▼▼▼
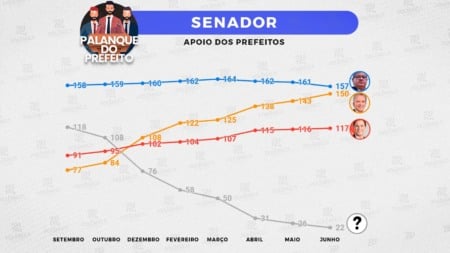 VOTOS DOS 223 PREFEITOS: João perde o apoio de quatro Prefeitos e Nabor se aproxima da liderança - VEJA OS NÚMEROS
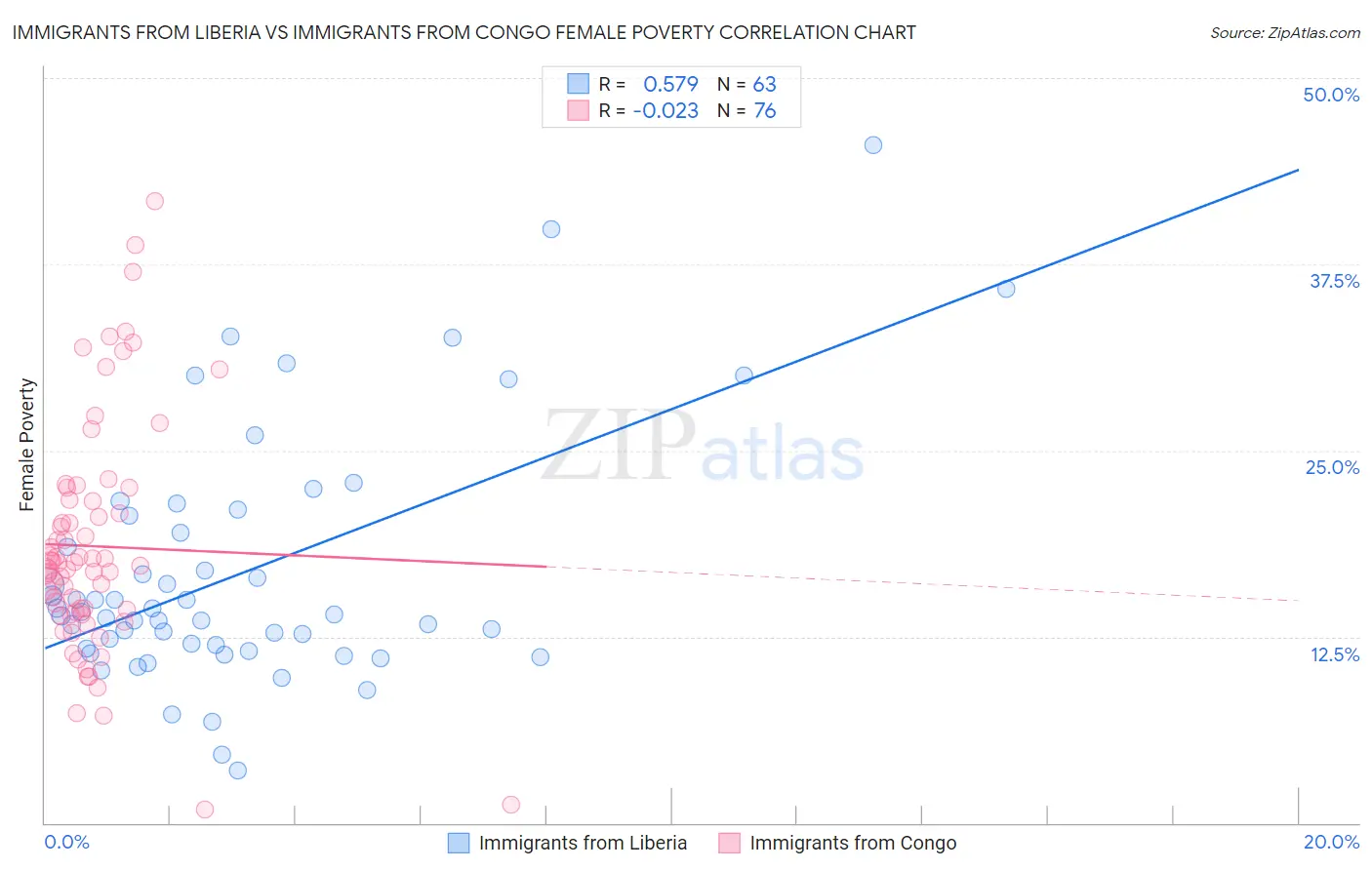 Immigrants from Liberia vs Immigrants from Congo Female Poverty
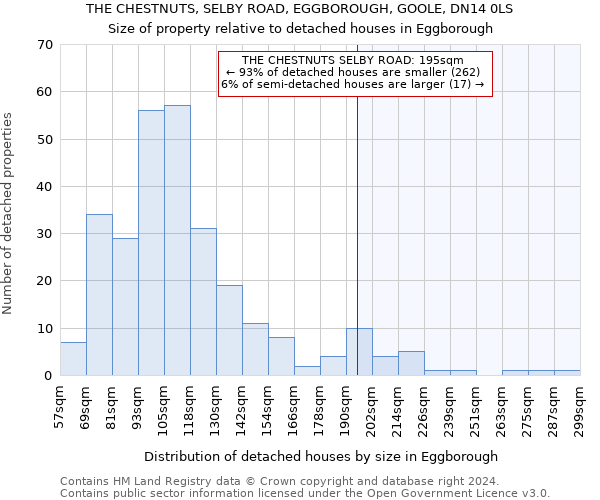 THE CHESTNUTS, SELBY ROAD, EGGBOROUGH, GOOLE, DN14 0LS: Size of property relative to detached houses in Eggborough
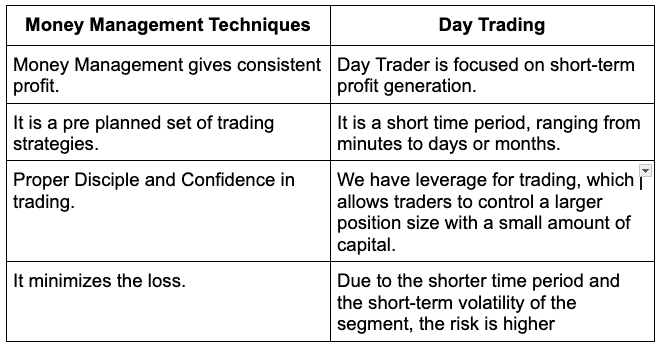 Money Management vs Day Trading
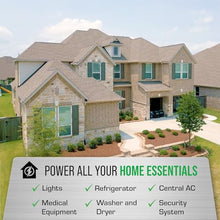 DuroMax XP15000HXT 15,000 Watt Tri Fuel Portable Home Power Backup HXT Generator w/CO Alert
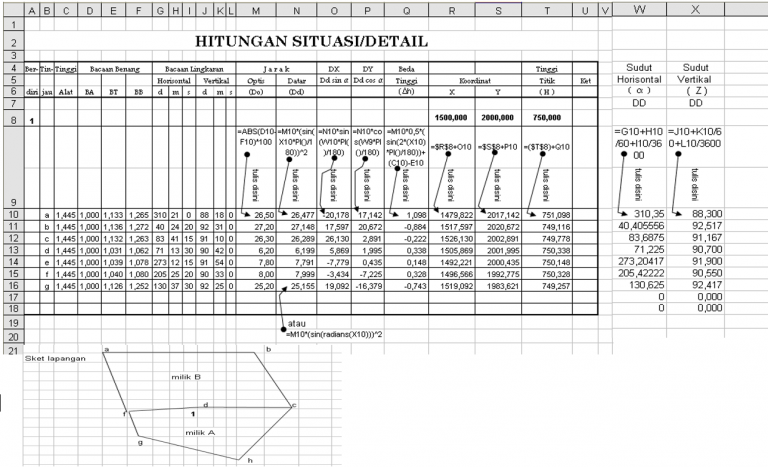Contoh Hitungan Situasi di Aplikasi Microsoft Excel - Teknik Penyajian Data Kartografi dan Aplikasinya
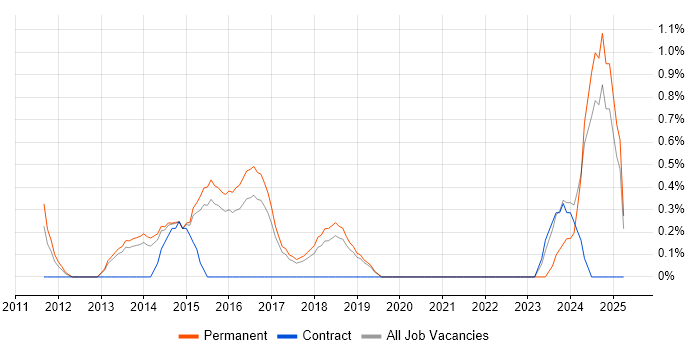 Job vacancy trend for Wireshark in Watford Job vacancy trend for Wireshark in Watford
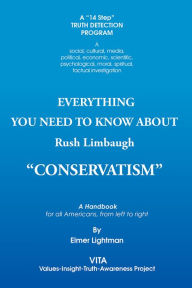 Title: Everything you need to know about Rush Limbaugh 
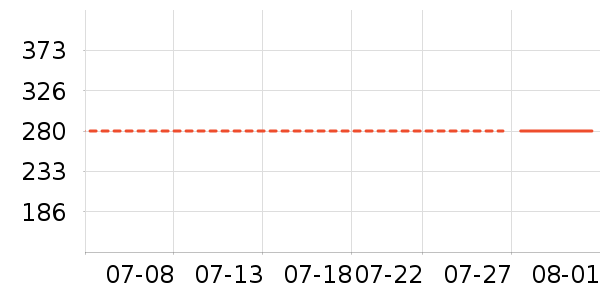 �����˶�Ь��ʷ�۸�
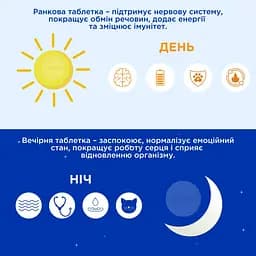 Полівітамінний комплекс для цуценят Modes BioRitm 30 шт. - мініатюра 4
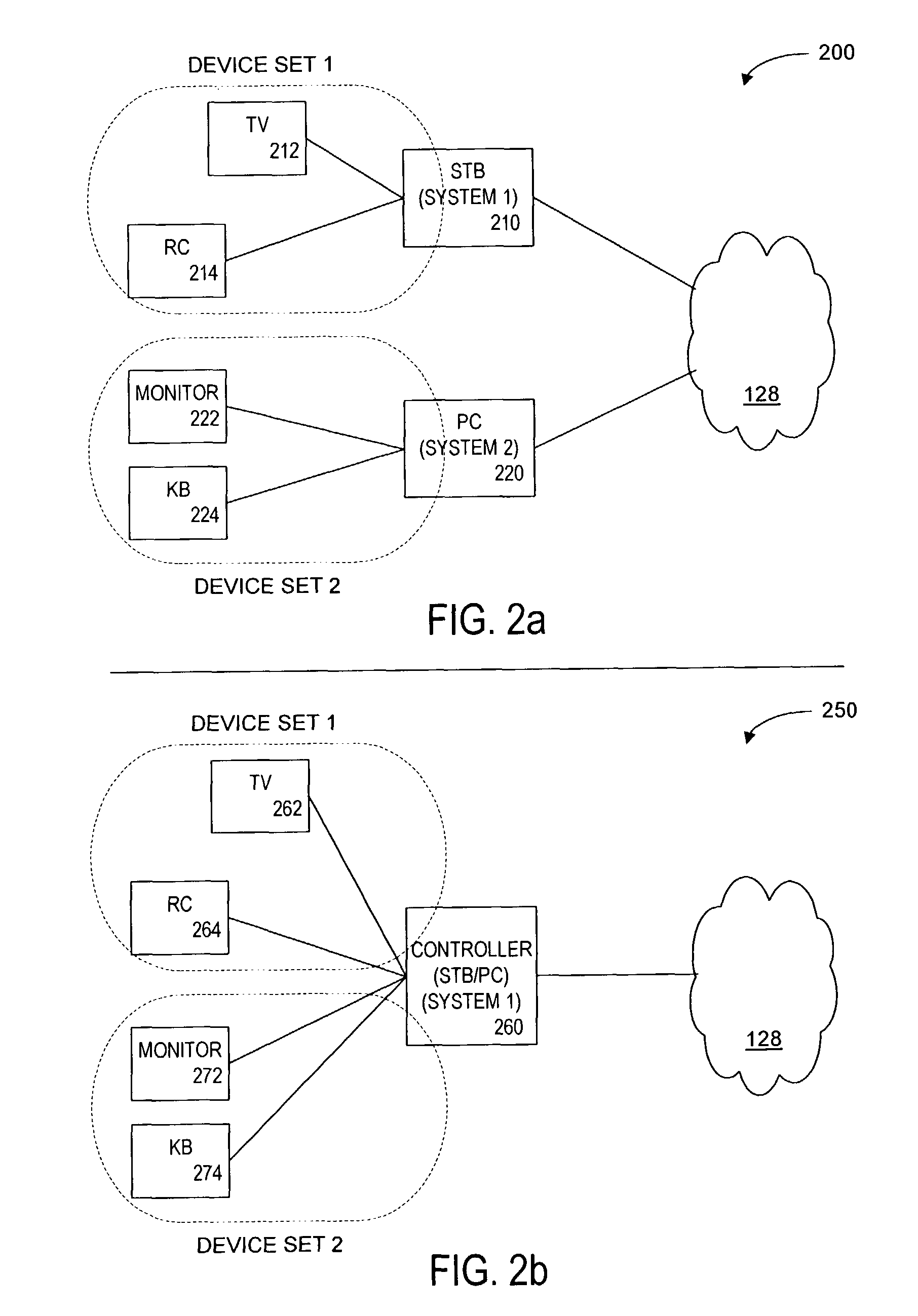 Method and apparatus for browsing using multiple coordinated device sets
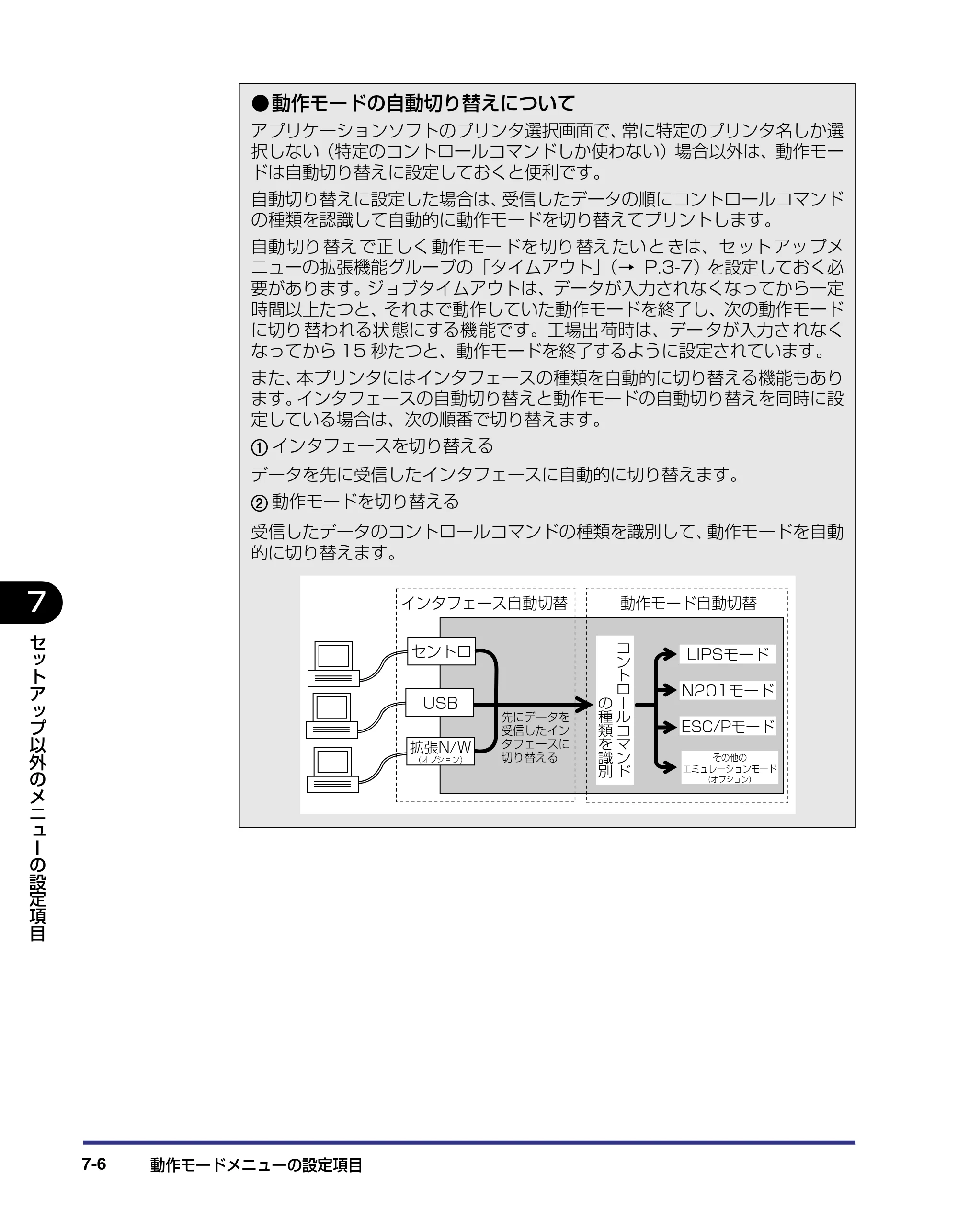 キヤノン LBP-1310 LIPS機能ガイド 2004年7月12日更新 （PDF形式／3.14Mバイト） — 原本ページ — 132ページ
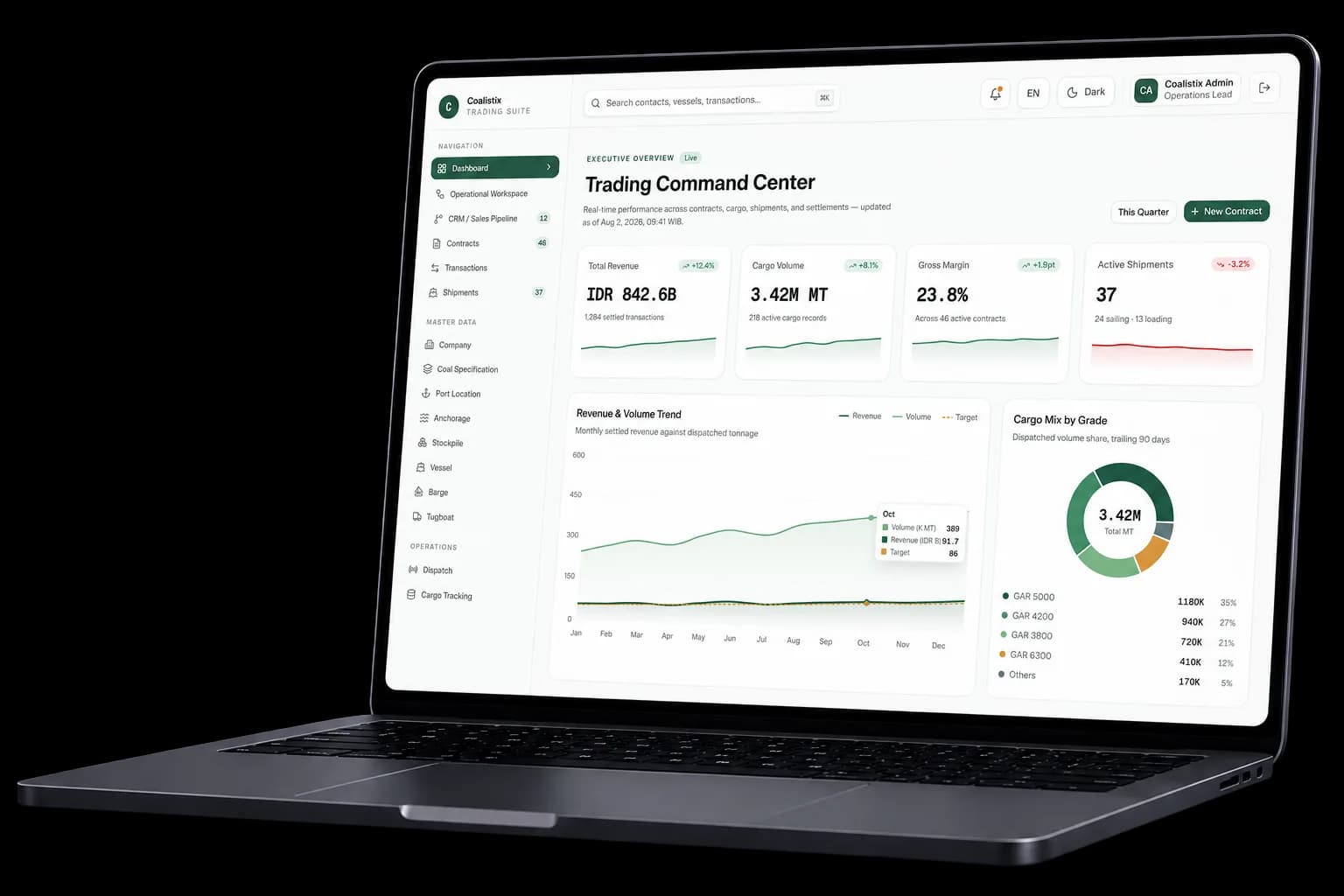 COALISTIX Enterprise Trading Command Center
▲▲▲
_HOW TO COMPLETE THIS TASK_
From the first line to the last, retype the entries above exactly, minus the pictures.

_RESULT FOR THIS EXERCISE_
 VOTOS DOS 223 PREFEITOS: João perde o apoio de quatro Prefeitos e Nabor se aproxima da liderança - VEJA OS NÚMEROS
 Immigrants from Liberia vs Immigrants from Congo Female Poverty
 THE CHESTNUTS, SELBY ROAD, EGGBOROUGH, GOOLE, DN14 0LS: Size of property relative to detached houses in Eggborough
 Money Management vs Day Trading
 DuroMax XP15000HXT 15,000 Watt Tri Fuel Portable Home Power Backup HXT Generator w/CO Alert
Contoh Hitungan Situasi di Aplikasi Microsoft Excel - Teknik Penyajian Data Kartografi dan Aplikasinya
 Job vacancy trend for Wireshark in Watford Job vacancy trend for Wireshark in Watford
 Title: Everything you need to know about Rush Limbaugh 
 �����˶�Ь��ʷ�۸�
 Полівітамінний комплекс для цуценят Modes BioRitm 30 шт. - мініатюра 4
 Method and apparatus for browsing using multiple coordinated device sets
 キヤノン LBP-1310 LIPS機能ガイド 2004年7月12日更新 （PDF形式／3.14Mバイト） — 原本ページ — 132ページ
 COALISTIX Enterprise Trading Command Center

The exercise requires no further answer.